Sin esperar respuesta, Julianna finalizó la llamada y dejó el teléfono sobre la cama.
Franklin…maldito bastardo.
¿En qué diablos estaba pensando al llamarla de la nada y escucharla hacer algo así?
—Debería desaparecer —murmuró Julianna en su almohada mientras hundía la cara en ella, con la esperanza de ocultar su vergüenza y tal vez olvidar todo lo que Franklin había dicho.
~•~
Después de que Julianna le colgó, Franklin se quedó mirando su teléfono con un matiz de frustración en su expresión.
¿Cómo carajo le dio derecho a colgarle de esa manera?
Ella había montado un espectáculo lascivo, justo delante de él, y aún así, ¿todavía tenía la audacia de estar tan orgullosa y sin pedir disculpas por ello y colgarle el teléfono?
Su actitud audaz le habría importado mucho si no hubiera sido por el hecho de que se puso duro como una piedra cuando la escuchó gemir.
Esto incluso lo sorprendió a él.
Claro, él era un hombre, Julianna era hermosa y estaba dotada de curvas en los lugares adecuados, pero ella era la mujer que él despreciaba y nunca pensó que ella pudiera excitarlo, pero la prueba estaba allí, el bulto en sus pantalones era una indicación clara.
Franklin no podía negarlo, los ruidos lascivos y las imágenes que su imaginación había conjurado después de escucharla gemir lo habían excitado hasta el punto de casi ceder a sus impulsos.
Echando la cabeza hacia atrás, Franklin suspiró con frustración.
Eso no podía funcionar, necesitaba algo que le quitara de la cabeza la imagen tan vívida de Julianna que seguía dando vueltas en su mente.
Levantándose, se desnudó, optando por un baño caliente, no sólo para curar sus pensamientos que se desviaban, sino también para cuidar su evidente erección.
Sin embargo, incluso después de estar bajo la ducha, imágenes y sonidos vívidos de Julianna todavía se reproducían en su mente.
Franklin se consideraba desafortunado.
Simplemente había llamado en nombre de Camilla para negociar un acuerdo en el que Camilla sería la embajadora de los nuevos productos de Synergy y terminó teniendo que escuchar a su ex esposa, que se suponía que era la única persona a la que nunca miraría de manera sexual, gemir.
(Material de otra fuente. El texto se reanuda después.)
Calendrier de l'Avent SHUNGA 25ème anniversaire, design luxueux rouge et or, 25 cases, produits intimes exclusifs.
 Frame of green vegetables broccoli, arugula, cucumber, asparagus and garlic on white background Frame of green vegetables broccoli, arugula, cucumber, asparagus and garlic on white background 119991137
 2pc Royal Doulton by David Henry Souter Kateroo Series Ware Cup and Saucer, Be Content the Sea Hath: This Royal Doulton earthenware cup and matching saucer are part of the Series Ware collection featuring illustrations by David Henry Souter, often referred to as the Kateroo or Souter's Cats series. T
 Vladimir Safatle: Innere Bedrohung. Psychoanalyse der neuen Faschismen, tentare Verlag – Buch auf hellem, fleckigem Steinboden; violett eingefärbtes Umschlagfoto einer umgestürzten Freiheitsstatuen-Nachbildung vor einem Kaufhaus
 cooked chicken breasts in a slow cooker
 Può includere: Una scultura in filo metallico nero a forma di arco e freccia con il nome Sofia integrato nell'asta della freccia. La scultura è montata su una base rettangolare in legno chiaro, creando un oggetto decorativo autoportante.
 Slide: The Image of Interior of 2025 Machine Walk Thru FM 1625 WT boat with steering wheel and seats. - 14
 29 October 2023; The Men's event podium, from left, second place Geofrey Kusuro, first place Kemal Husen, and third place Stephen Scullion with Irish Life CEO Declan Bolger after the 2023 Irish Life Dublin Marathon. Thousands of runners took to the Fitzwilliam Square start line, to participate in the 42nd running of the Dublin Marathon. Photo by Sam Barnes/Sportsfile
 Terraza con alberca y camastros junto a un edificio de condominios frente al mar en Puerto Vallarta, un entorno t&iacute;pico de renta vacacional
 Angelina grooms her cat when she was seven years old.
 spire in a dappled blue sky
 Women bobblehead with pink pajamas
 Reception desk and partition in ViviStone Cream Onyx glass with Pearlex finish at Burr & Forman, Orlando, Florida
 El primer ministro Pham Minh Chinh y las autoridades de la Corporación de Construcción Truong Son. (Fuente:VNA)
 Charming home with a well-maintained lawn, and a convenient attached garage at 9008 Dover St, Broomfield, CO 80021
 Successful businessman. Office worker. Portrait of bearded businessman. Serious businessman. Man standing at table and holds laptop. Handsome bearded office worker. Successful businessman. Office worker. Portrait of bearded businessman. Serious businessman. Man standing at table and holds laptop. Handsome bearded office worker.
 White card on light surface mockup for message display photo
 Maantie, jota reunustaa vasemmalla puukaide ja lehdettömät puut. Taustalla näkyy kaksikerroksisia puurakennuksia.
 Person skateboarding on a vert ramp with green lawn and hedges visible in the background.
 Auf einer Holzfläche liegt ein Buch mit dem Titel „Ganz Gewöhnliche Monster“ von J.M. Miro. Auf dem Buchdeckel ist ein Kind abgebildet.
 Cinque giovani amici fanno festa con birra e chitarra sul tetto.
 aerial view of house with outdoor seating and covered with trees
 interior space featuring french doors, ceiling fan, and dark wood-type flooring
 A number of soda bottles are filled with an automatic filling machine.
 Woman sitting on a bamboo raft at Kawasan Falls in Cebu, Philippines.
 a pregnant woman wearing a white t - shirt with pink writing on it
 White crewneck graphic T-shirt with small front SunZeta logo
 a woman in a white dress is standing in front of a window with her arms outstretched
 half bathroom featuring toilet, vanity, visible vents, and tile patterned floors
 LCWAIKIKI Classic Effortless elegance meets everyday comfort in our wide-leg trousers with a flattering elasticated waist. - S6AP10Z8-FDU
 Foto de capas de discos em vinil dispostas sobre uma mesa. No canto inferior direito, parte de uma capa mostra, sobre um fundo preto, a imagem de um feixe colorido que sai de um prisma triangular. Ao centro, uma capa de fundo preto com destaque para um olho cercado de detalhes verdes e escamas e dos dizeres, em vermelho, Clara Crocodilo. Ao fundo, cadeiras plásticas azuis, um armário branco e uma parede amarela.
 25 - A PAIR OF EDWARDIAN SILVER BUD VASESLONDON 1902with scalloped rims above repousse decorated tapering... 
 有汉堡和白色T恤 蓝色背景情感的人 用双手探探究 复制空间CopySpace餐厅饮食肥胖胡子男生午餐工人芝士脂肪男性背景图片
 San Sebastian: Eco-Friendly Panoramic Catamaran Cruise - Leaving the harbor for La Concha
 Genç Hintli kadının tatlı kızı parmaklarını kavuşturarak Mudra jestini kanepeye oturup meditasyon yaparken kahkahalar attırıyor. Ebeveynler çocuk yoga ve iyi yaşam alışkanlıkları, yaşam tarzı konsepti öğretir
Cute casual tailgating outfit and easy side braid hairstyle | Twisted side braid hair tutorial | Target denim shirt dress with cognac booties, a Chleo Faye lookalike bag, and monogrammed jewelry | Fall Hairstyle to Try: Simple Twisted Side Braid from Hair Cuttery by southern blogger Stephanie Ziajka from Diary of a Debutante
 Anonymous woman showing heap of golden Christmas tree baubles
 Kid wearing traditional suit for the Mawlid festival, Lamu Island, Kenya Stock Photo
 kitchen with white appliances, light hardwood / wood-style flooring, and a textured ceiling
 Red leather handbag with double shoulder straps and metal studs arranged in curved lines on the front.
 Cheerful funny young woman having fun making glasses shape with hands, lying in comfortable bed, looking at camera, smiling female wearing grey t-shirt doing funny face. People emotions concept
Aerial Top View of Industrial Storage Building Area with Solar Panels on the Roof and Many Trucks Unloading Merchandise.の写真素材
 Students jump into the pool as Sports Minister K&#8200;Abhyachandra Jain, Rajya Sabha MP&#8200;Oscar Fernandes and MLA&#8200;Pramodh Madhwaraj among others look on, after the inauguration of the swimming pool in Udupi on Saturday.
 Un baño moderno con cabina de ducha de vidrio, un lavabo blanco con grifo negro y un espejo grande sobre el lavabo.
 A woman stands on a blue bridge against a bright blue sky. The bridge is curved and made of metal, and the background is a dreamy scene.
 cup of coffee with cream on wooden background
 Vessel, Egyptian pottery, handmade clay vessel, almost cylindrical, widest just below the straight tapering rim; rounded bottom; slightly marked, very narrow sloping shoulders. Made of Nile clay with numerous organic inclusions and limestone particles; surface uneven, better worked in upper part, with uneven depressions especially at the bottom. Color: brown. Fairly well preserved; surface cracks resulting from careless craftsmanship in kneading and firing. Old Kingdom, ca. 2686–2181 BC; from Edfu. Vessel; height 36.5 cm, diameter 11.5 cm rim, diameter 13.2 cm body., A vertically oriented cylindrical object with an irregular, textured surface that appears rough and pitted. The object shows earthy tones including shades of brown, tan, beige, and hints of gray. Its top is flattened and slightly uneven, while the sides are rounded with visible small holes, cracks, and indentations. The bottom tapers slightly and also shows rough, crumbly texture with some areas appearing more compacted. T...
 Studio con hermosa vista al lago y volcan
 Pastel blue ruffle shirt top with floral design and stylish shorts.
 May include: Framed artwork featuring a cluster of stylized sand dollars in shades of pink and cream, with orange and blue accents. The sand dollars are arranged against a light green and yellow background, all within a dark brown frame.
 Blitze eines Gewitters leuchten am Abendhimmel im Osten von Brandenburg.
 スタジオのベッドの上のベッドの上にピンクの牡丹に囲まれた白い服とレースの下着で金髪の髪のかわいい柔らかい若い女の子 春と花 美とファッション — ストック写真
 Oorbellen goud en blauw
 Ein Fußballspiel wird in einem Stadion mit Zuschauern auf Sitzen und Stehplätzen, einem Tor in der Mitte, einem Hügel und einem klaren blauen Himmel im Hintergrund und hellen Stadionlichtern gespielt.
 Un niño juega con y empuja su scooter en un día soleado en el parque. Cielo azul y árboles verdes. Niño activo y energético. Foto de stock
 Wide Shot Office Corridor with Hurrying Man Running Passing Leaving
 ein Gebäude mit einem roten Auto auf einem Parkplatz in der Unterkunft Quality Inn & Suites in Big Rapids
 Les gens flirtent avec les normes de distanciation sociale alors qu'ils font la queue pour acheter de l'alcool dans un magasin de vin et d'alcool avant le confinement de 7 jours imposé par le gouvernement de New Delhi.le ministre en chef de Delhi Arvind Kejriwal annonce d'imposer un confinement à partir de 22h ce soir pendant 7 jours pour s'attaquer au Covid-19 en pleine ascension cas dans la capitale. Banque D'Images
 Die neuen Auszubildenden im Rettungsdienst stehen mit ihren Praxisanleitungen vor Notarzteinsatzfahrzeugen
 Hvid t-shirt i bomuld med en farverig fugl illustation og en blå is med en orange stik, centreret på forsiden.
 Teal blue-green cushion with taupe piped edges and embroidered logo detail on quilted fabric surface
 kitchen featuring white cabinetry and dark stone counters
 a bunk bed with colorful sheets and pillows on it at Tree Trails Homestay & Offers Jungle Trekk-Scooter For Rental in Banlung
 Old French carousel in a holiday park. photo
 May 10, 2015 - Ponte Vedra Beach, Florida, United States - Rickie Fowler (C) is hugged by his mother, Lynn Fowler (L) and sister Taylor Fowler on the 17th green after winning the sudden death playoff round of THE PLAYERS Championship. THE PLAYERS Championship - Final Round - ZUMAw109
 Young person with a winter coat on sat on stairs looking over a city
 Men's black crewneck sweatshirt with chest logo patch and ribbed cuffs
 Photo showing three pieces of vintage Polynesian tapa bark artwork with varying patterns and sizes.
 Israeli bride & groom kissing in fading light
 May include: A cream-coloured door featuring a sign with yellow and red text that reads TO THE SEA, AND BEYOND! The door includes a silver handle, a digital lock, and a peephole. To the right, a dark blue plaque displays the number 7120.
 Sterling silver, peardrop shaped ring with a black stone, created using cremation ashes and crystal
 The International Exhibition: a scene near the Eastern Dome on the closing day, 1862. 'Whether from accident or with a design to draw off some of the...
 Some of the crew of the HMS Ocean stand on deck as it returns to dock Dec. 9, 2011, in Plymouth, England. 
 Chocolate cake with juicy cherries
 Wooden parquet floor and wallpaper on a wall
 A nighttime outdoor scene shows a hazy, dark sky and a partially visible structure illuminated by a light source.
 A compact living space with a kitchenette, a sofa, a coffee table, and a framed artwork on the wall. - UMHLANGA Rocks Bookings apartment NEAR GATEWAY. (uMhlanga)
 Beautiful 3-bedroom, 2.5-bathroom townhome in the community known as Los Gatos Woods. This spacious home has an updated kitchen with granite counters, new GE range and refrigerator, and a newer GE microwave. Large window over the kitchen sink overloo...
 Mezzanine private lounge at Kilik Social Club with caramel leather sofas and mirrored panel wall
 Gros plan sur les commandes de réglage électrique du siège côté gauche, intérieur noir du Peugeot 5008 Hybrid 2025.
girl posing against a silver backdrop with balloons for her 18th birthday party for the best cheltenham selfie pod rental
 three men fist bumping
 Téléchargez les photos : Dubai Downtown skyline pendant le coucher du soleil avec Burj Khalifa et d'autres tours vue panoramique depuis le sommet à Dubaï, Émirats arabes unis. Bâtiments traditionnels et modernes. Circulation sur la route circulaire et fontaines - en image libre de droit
Maldita sea, qué mala suerte…
¿Pero qué hubiera pasado si otra persona hubiera llamado y Julianna hubiera respondido exactamente de la misma manera?
¿Qué hubiera pasado si otra persona hubiera podido escuchar esos sonidos?
El solo pensar en eso hizo que Franklin se enojara más de lo que ya estaba y maldijo en voz baja y trató de alejar esos pensamientos.
Se quedaron en silencio por un rato hasta que surgió una pequeña pregunta.
¿Dijo Julianna que era una mujer soltera?